Task directions:
Which lines run from the line with "Championship: Raw highlights ..." through the line with "Ciyaal weero oo dib loogu arkay Kaaraan" in the entries below? Print them exactly, both ends included, and nothing more.

Data provided:
====================

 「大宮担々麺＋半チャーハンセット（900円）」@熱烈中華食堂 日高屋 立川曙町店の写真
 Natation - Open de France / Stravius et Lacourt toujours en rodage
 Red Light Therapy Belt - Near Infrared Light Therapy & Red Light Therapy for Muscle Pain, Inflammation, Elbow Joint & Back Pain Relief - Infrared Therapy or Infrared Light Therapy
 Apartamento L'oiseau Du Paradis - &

====================

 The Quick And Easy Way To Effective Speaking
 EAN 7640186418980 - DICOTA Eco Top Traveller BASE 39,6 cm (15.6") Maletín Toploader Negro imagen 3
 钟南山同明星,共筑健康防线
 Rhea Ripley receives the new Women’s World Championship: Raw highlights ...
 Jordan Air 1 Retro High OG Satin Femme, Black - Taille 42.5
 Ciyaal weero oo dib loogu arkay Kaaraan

====================

Response area:
 Rhea Ripley receives the new Women’s World Championship: Raw highlights ...
 Jordan Air 1 Retro High OG Satin Femme, Black - Taille 42.5
 Ciyaal weero oo dib loogu arkay Kaaraan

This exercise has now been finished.